Records from a data source:
= Beginning of Section =

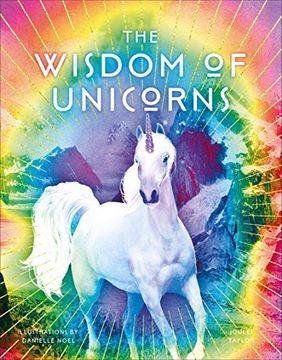 portada The Wisdom of Unicorns
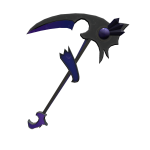 Astra Scythe of the Dominator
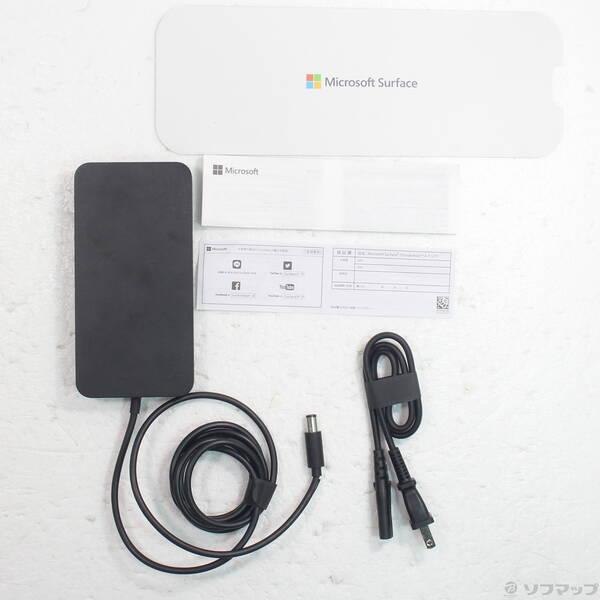 〔中古〕Microsoft(マイクロソフト) 〔展示品〕 Surface Thuderbolt 4 Dock Demo機〔344-ud〕 |  | 04
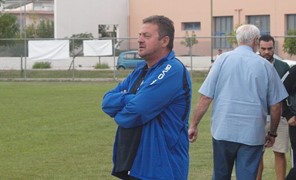 Πέθανε ο γνωστός προπονητής Ευριπίδης Κωστόπουλος 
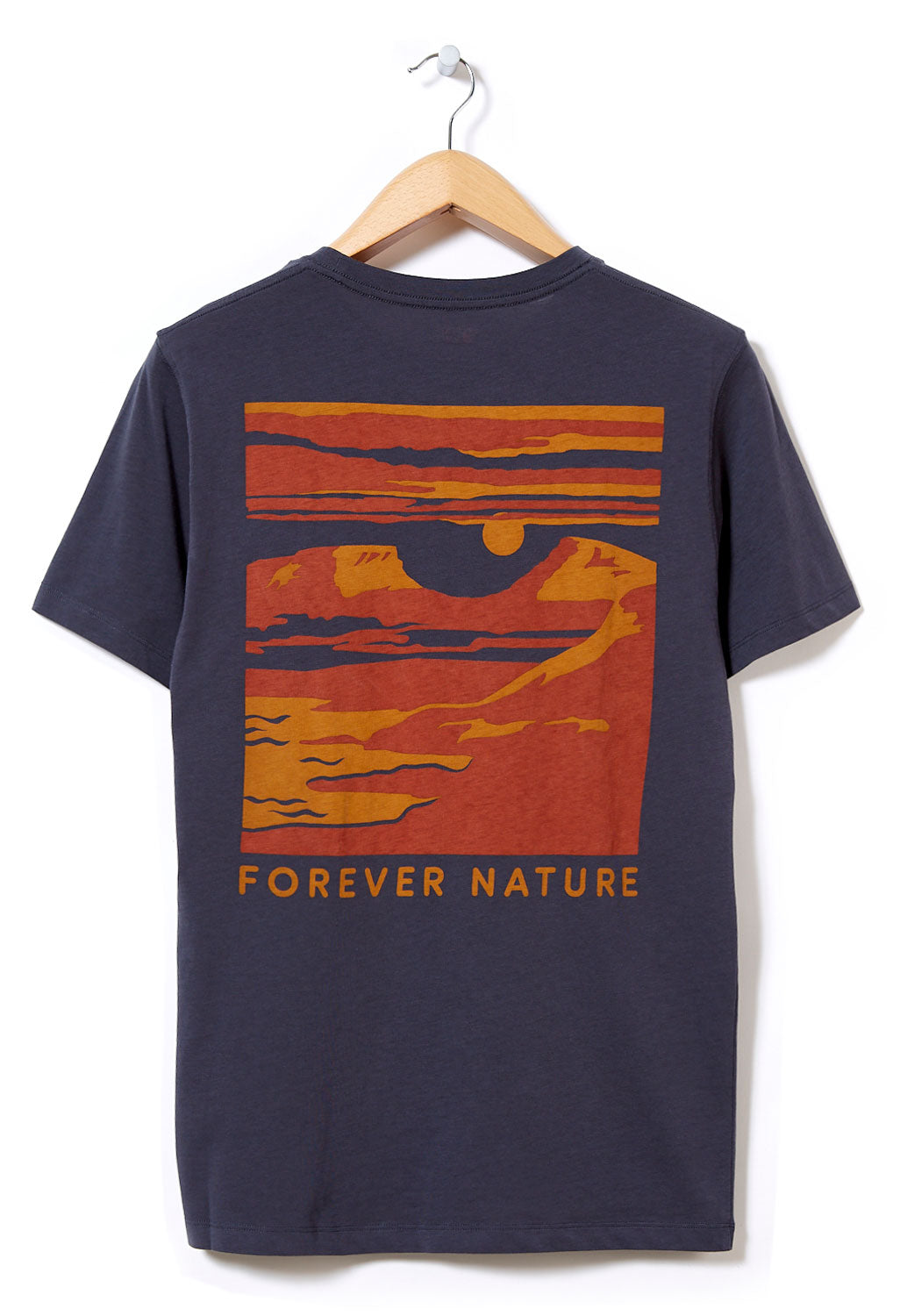 Fjallraven Men's Tornetrask T-Shirt 2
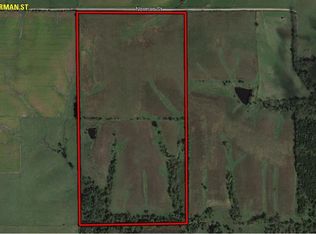 00 Norman St, Woodburn, IA 50275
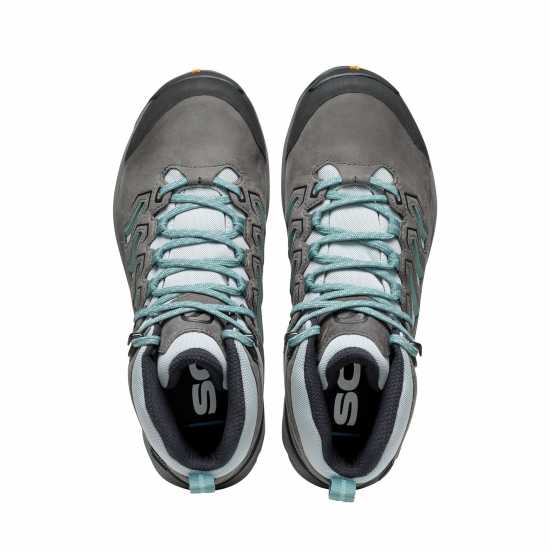 Scarpa Morain Gtx Hiking Boots Womens  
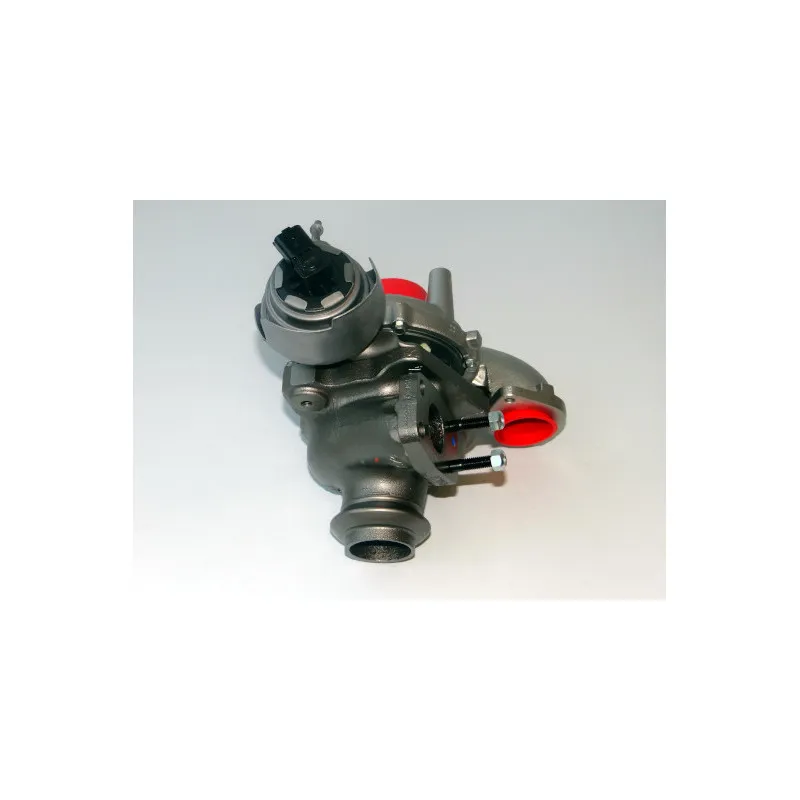 Turbocompresseur, suralimentation LUCAS LTRPA8240605 - Visuel 2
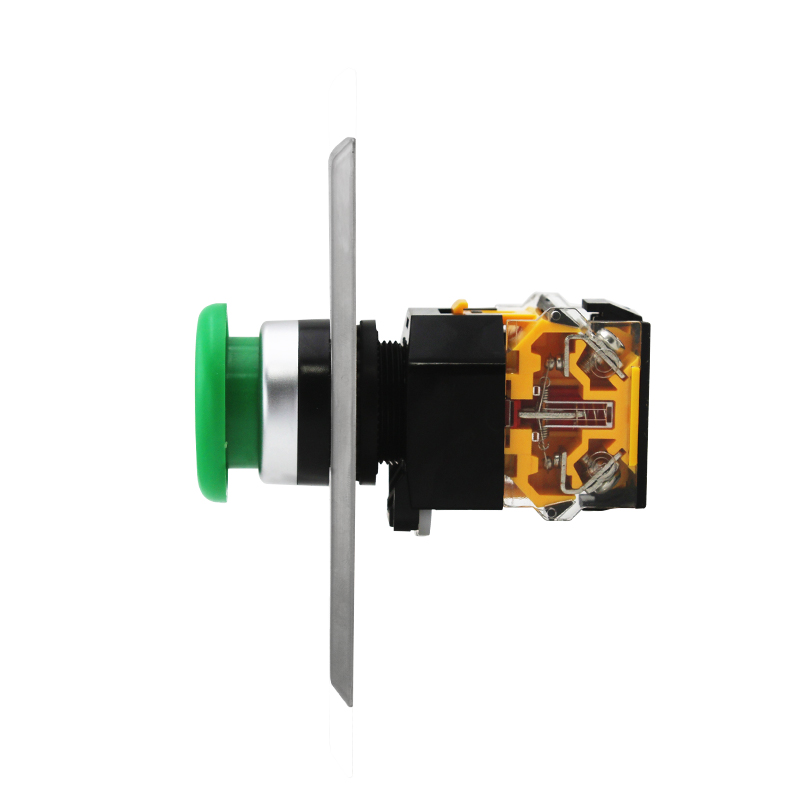 Heavy Duty Switch S86M8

= End of Section =

From the first line to the last, set down the records word for word and drop the images.

 portada The Wisdom of Unicorns
 Astra Scythe of the Dominator
 〔中古〕Microsoft(マイクロソフト) 〔展示品〕 Surface Thuderbolt 4 Dock Demo機〔344-ud〕 |  | 04
 Πέθανε ο γνωστός προπονητής Ευριπίδης Κωστόπουλος 
 Fjallraven Men's Tornetrask T-Shirt 2
 00 Norman St, Woodburn, IA 50275
 Scarpa Morain Gtx Hiking Boots Womens  
 Turbocompresseur, suralimentation LUCAS LTRPA8240605 - Visuel 2
 Heavy Duty Switch S86M8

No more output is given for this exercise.